Вот стоит капитан, бравый мужчина, и говорит что-то бесконечно полной даме в сиреневом платье. И он улыбается, и она улыбается. Проходит студент с модной барышней. У студента лицо гладкое, усы кверху. Барышня так обтянута, что за неё стыдно. И вдруг неожиданно доносится её фраза:
— Они, знаете ли, живут такими узкими интересами.
— Да… Но вы могли бы внести идею… Так сказать…
Боже мой! Оказывается, кавалер-то ‘идеальный’. С эдакими усами! С эдакой физиономией!
За чайным столом расположились три барышни. Я сразу не мог понять, что они делают. Перед ними большая коробка с каким-то прибором. Всматриваюсь: оказывается, чистят ногти.
Но знаете, я много видал всякой всячины ‘во всех слоях общества’ — но ничего подобного не видывал!
Ногти чистились, подрезывались, подпиливались, смачивались, намазывались чем-то розовым, потом присыпались чем-то белым, материей, потом щёткой, потом ещё чем-то…
Эх, на огород бы их! Дать бы в руки мотыгу да лопату! Ведь ещё и ‘испортиться’ не успели, а ведь не чувствуют, что все эти ‘притирания’ есть не что иное, как приготовленье товара на продажу. И не стыдно. И в голове, небось, нет, что ‘чужих рук хлеб едят’. И что не затем мужик их поит и кормит, чтобы они воровали труд его для приготовления себя в виде лакомого блюда, для какого-нибудь франтика с усиками, который, в свою очередь, такой вор и паразит на народном теле, как и они.
Слов нет, в семнадцать лет девушки ещё ‘не сами по себе’, а таковы, какими их ‘воспитали’ родители. Так родителям стыдно должно быть. Весь этот позор бессовестного тунеядства и плохо прикрытой продажи себя в замужество — на их душе…
А в четвёртом классе какой-то шутник гонит с ‘своей’ палубы ‘классных’ пассажиров:
— Нечего вам здесь делать, мы на вашу палубу не ходим — вы на нашу не ходите!
Дамы смеются. Им кажется очень забавным, что ‘простой мужик’ гонит ‘чистую публику’.
Синематограф, синематограф!
Вот Волга — это настоящее.
И как она далека от этого синематографа. Как она одинока, как немногие прислушиваются к её скрытой глубокой жизни. Чтобы понять душу её, полюбить её, понять весь великий смысл её простора, её сыпучих песков, её серых тяжёлых утесов и тёмно-зелёных лесов, — надо сбросить с души ‘притирания’ и ‘идейные разговоры’, и презрение к ‘четвёртому классу’, и много-много всякой мерзости и лжи. И тогда уйдёшь из синематографа, из бездушного мелькания полуживых людей. Уйдёшь к Волге, к лесам и к живой жизни.

———

На пароходе случилось несчастие. Психически больной пассажир покушался на самоубийство.

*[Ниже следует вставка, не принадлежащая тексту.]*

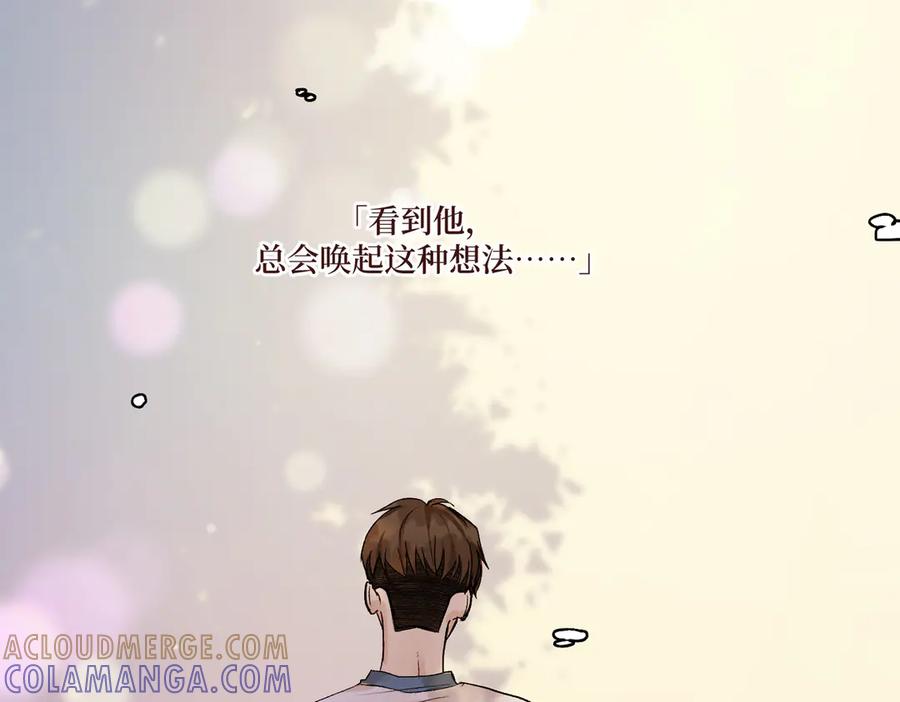 第241页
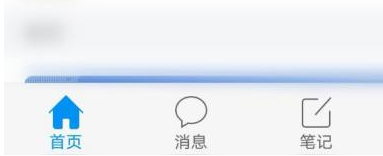 学习通复制粘贴技巧全解析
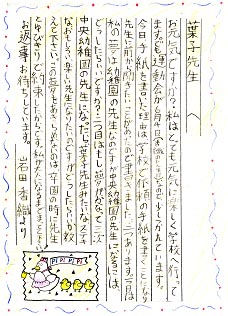 D񂩂̂莆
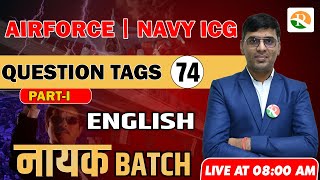 Question Tags-1 for Airforce | AIRFORCE English classes 2023  | Airforce English Classes  |Airforce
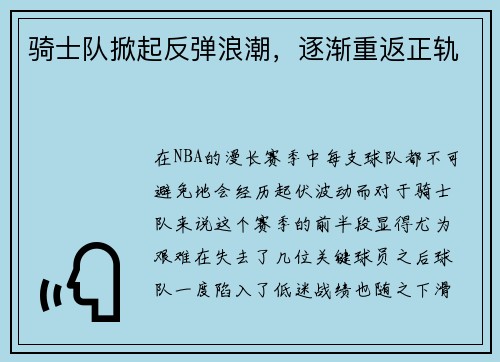 骑士队掀起反弹浪潮，逐渐重返正轨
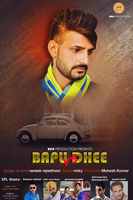 Bapu Vs Dhee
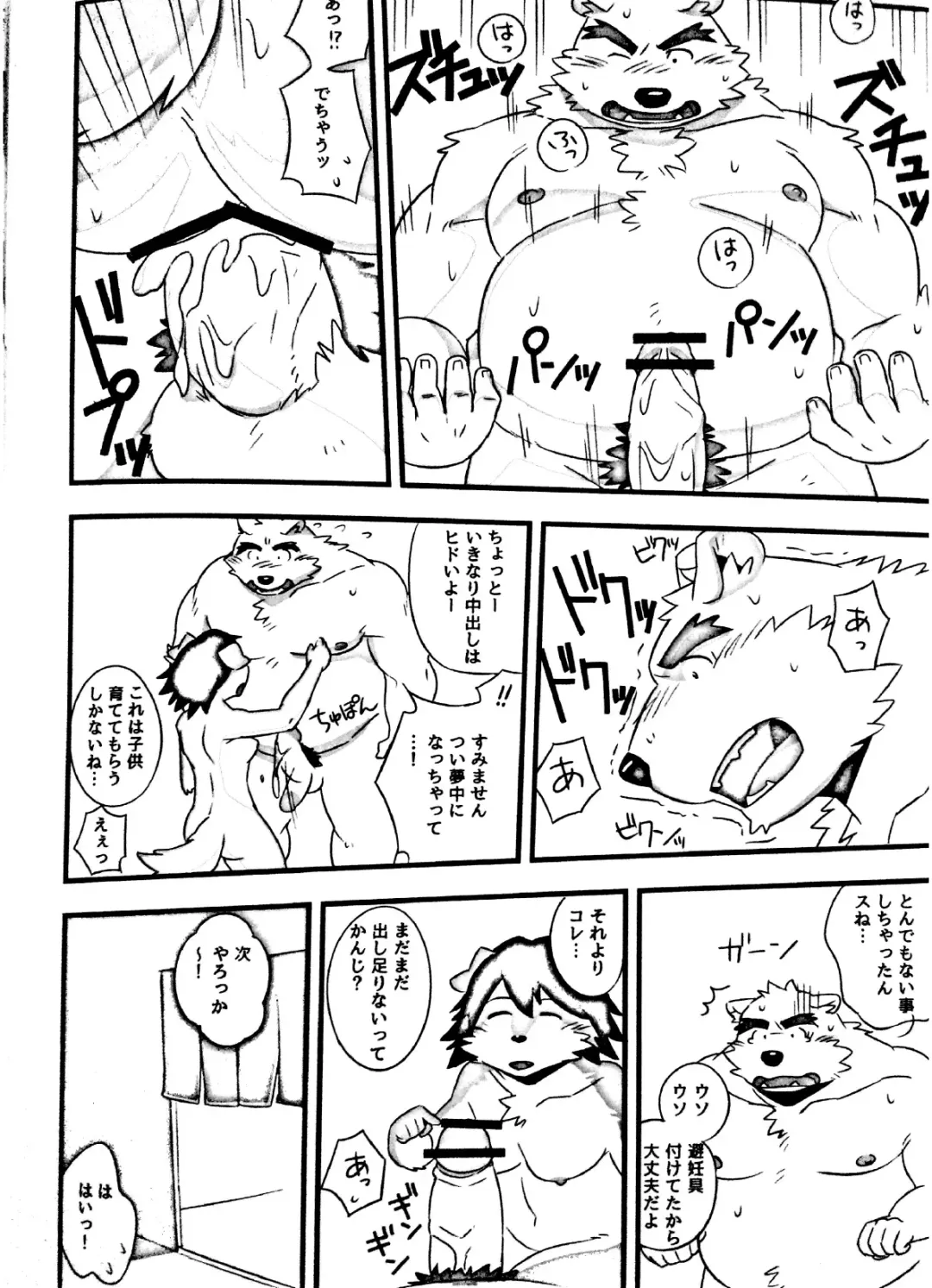 [Mato] Scramble! 2 Fhentai - Page 9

Весь вечер ходил он по палубе. Служащим было поручено следить за ним, ‘как бы чего над собой не сделал’. Больной, вероятно, чувствовал, что за ним следят, и выбрал минуту покончить с собой очень удобную, рано утром, когда окружавшие думали, что ‘ночь прошла благополучно’, и всем захотелось ‘отдохнуть’. Он бросился с палубы парохода в Волгу.

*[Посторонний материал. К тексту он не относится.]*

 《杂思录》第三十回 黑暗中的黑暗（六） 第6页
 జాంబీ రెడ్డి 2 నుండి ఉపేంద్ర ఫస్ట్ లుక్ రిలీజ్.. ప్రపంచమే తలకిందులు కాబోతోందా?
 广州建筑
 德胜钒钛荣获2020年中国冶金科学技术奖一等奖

Но умереть ему не дали. Матросы спустили лодку, пароход остановился, и его вытащили. Он не успел потерять сознание, только ослаб страшно, и когда стал всходить с лодки на пароход, ноги его подогнулись, и матросы втащили его за руки.

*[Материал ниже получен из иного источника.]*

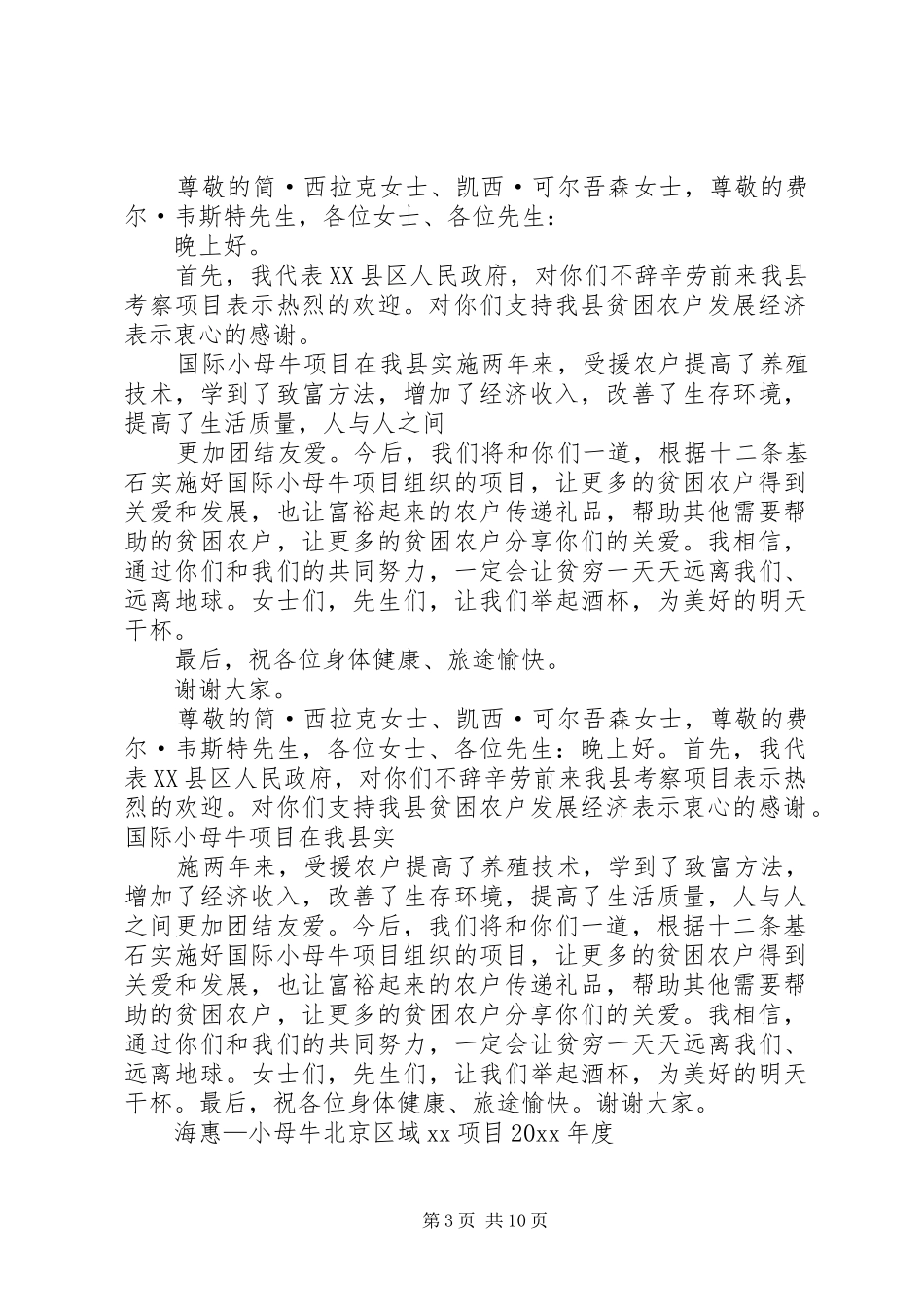 关于接待考察团的安排_第3页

Пассажиры обнаружили к происшествию необычайный интерес: несмотря на ранний час, повыскакивали на палубу, в ночных костюмах, заспанные, испуганные, но больше всего любопытные. Это холодное, равнодушное, почти циничное любопытство ‘толпы’ сопровождает неизбежно всякое ‘несчастие’.
Минут через десять ‘любопытные’ уже возвращались с ‘места происшествия’. Что же всего больше поразило их? Что они пережили? Вот фразы, которые долетали до меня:
— В щиблетах…
— Одет хорошо — чиновник, должно быть…
— Топиться в крахмальной сорочке — вот идея!
— Уверяю вас, это капитан — у него и шапка с кокардой…
— По-видимому, человек со средствами…
И все пошли спать в свои каюты.
‘Меланхолика’, ‘сумасшедшего’ увели куда-то. Мне потом говорили, что он долго плакал…
Люди ‘в крахмальных рубашках’ вообще равнодушны друг к другу.
Вы можете плакать сколько угодно, но никто не заметит в вас ничего, кроме щиблет. Это факт до того ‘повседневный’, что никого не ‘поражает’ и не волнует. Так оно и полагается, но вот когда рядом встаёт грозный призрак смерти, видишь его по-новому.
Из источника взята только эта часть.